L’historien français Benjamin Stora estime que la reconnaissance par la France de l’assassinat du nationaliste algérien Ali Boumendjel est « un geste » symbolique qui en appelle d’autres, dans une interview à un journal algérien. « Il faut prendre la mesure de chaque pas accompli et en proposer d’autres. Un geste succède à un geste », soutient l’historien dans cet entretien publié jeudi dans le quotidien francophone El Watan.
M. Stora, spécialiste reconnu de l’histoire contemporaine de l’Algérie, avait été chargé en juillet par le président Emmanuel Macron de « dresser un état des lieux juste et précis du chemin accompli en France sur la mémoire de la colonisation et de la guerre d’Algérie (1954-1962) ».

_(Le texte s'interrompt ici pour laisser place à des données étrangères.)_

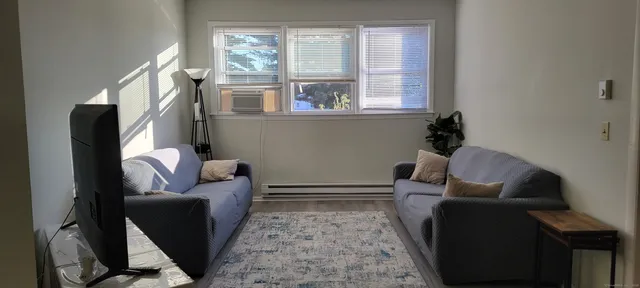 a kitchen with stainless steel appliances a stove a microwave a refrigerator and white cabinets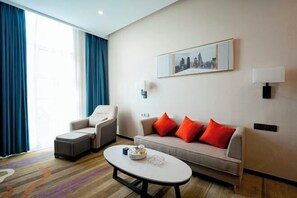 A hotel room with a sofa, armchair, ottoman, and a coffee table. - Haomei International Hotel (Anxi Government Store) (Anxi)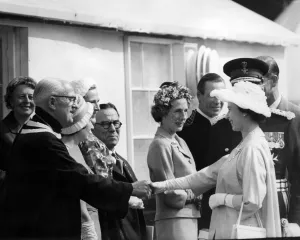 Queen Elizabeth II visiting Wales. The Queen shakes hands with Mr T W Thomas Queen Elizabeth II visiting Wales. The Queen shakes hands with Mr T W Thomas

M. Macron a reconnu mardi, « au nom de la France », que l’avocat et dirigeant nationaliste Ali Boumendjel avait été « torturé et assassiné » par l’armée française pendant la Bataille d’Alger en 1957.
Dans son rapport remis au président français le 20 janvier, Benjamin Stora, un ami de la famille Boumendjel, préconisait la reconnaissance officielle de l’assassinat du militant, avoué par l’officier parachutiste français Paul Aussaresses dans ses mémoires. Alger a salué jeudi « avec satisfaction » l’initiative d’Emmanuel Macron, selon un communiqué officiel.

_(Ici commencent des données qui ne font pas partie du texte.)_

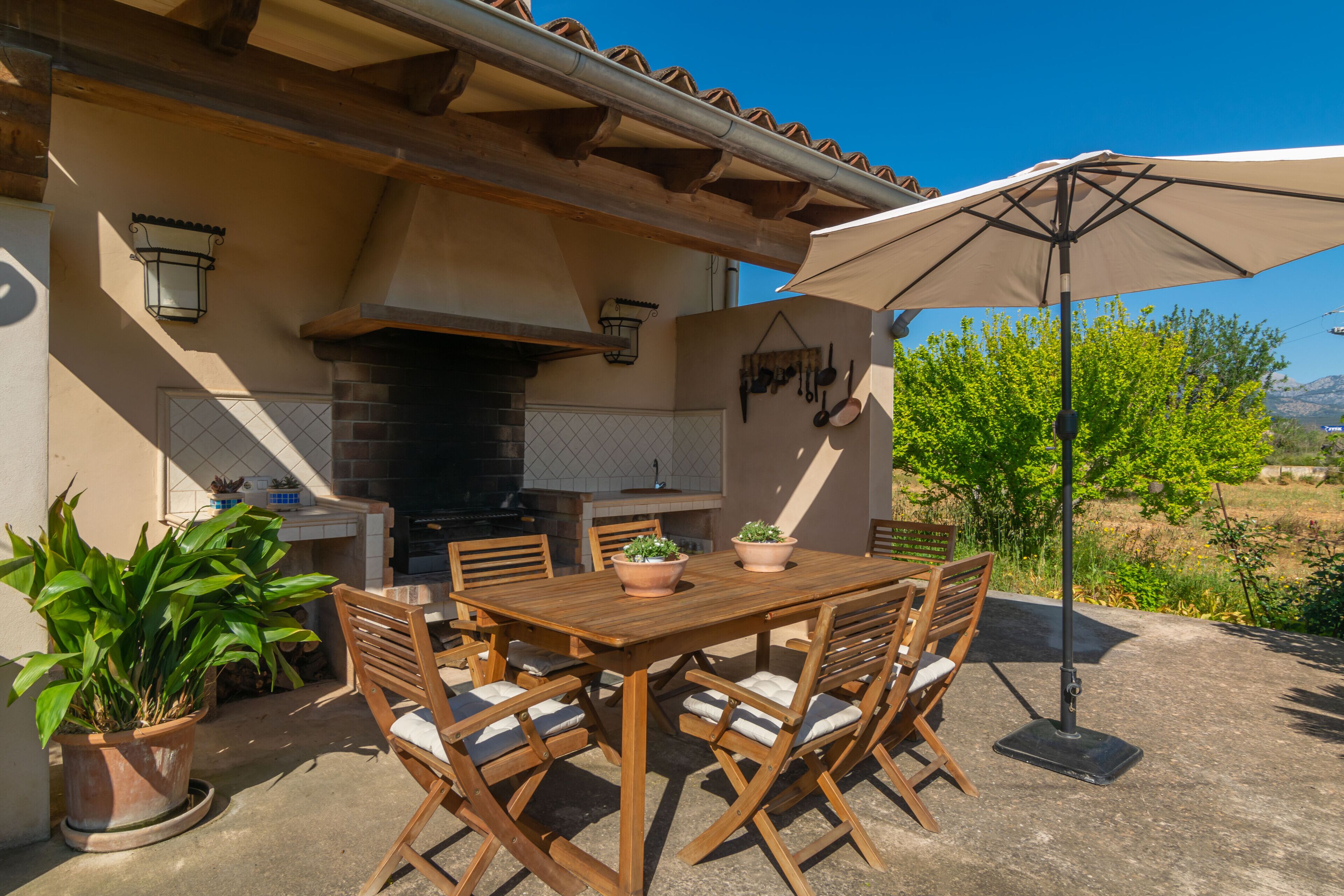 Un patio exterior con mesa y sillas de madera, chimenea de ladrillo y plantas en macetas.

Mais les autorités algériennes réclament également l’ouverture des archives coloniales ainsi que le règlement de la question des « disparus » de la guerre d’indépendance –plus de 2.200 personnes selon Alger– et celle des essais nucléaires français dans le Sahara algérien.
« Les gestes symboliques ne peuvent avoir de portée que s’ils sont appuyés de mobilisations citoyennes sur chacune des questions: les archives, les essais nucléaires, les disparus », estime M. Stora. « Il faut sortir du cadre du politique étroit et peut-être dégager des mobilisations originales sur des grandes questions de mémoire. »
Diversement accueilli, le rapport de l’historien a soulevé de vives critiques aussi bien en Algérie qu’en France, notamment pour ne pas avoir préconisé des « excuses » de Paris pour les crimes de la période coloniale. « C’est aux acteurs de la société civile de s’en emparer et s’ils ne sont pas d’accord avec mes préconisations ou les trouvent insuffisantes, qu’ils en avancent d’autres », répond M. Stora dans l’entretien.